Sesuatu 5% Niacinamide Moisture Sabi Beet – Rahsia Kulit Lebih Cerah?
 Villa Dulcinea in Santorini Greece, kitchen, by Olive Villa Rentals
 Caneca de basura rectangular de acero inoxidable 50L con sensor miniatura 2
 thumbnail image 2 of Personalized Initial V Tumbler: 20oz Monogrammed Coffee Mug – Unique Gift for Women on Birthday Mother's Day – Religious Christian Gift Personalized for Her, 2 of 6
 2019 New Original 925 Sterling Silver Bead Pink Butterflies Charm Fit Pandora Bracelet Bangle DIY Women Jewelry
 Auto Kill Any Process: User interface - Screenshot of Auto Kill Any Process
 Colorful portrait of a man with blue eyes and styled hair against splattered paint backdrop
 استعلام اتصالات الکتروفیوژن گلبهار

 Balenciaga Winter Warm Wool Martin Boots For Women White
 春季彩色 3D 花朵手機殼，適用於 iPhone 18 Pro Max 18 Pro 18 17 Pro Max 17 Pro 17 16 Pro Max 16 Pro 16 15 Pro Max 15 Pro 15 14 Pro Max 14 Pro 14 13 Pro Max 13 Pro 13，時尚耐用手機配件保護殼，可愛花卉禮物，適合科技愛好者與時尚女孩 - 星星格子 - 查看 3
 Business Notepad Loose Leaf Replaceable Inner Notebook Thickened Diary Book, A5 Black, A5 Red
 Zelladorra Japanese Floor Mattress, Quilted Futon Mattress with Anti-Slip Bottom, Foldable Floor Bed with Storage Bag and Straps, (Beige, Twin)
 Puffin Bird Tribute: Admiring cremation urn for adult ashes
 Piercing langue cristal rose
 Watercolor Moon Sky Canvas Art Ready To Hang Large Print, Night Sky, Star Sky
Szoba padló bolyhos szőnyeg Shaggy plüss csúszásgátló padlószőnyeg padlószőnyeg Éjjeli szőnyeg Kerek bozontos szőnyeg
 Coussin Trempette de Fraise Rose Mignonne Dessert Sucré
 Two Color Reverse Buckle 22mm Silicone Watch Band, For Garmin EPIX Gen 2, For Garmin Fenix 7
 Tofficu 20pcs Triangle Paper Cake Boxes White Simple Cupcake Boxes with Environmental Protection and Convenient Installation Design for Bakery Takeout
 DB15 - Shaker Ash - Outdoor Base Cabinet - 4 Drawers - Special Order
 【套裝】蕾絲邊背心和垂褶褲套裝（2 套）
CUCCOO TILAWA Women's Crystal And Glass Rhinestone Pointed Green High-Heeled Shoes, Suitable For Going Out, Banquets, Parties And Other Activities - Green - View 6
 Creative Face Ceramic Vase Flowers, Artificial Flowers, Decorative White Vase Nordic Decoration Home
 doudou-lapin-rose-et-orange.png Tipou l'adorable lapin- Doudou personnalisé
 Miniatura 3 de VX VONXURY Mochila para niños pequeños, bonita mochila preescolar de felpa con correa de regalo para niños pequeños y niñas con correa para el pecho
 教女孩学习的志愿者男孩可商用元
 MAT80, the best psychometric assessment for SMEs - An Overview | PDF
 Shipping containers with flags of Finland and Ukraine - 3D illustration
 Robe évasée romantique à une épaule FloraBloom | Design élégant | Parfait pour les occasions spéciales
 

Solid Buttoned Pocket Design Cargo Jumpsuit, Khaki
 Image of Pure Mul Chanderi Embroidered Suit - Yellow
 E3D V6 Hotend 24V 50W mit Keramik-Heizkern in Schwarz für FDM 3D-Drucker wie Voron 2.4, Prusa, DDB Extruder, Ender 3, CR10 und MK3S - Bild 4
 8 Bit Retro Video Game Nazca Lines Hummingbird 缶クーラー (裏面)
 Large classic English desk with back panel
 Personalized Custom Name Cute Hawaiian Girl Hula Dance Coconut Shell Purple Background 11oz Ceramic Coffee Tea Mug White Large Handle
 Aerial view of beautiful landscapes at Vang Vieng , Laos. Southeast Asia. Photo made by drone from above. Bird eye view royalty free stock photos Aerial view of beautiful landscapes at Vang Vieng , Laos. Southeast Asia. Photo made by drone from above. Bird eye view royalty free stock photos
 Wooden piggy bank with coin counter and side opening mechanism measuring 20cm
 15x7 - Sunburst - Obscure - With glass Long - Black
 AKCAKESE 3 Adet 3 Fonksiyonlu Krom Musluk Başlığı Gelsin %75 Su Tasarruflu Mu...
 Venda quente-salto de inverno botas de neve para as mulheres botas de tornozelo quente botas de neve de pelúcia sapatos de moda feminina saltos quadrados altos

+-------+

• **About this task**: Output the lines above between the one holding "春季彩色 3D 花朵手機殼，適用於" and the one holding "Two Color Reverse", inclusive, with nothing before or after them.

• **Solution to this task**:
 春季彩色 3D 花朵手機殼，適用於 iPhone 18 Pro Max 18 Pro 18 17 Pro Max 17 Pro 17 16 Pro Max 16 Pro 16 15 Pro Max 15 Pro 15 14 Pro Max 14 Pro 14 13 Pro Max 13 Pro 13，時尚耐用手機配件保護殼，可愛花卉禮物，適合科技愛好者與時尚女孩 - 星星格子 - 查看 3
 Business Notepad Loose Leaf Replaceable Inner Notebook Thickened Diary Book, A5 Black, A5 Red
 Zelladorra Japanese Floor Mattress, Quilted Futon Mattress with Anti-Slip Bottom, Foldable Floor Bed with Storage Bag and Straps, (Beige, Twin)
 Puffin Bird Tribute: Admiring cremation urn for adult ashes
 Piercing langue cristal rose
 Watercolor Moon Sky Canvas Art Ready To Hang Large Print, Night Sky, Star Sky
Szoba padló bolyhos szőnyeg Shaggy plüss csúszásgátló padlószőnyeg padlószőnyeg Éjjeli szőnyeg Kerek bozontos szőnyeg
 Coussin Trempette de Fraise Rose Mignonne Dessert Sucré
 Two Color Reverse Buckle 22mm Silicone Watch Band, For Garmin EPIX Gen 2, For Garmin Fenix 7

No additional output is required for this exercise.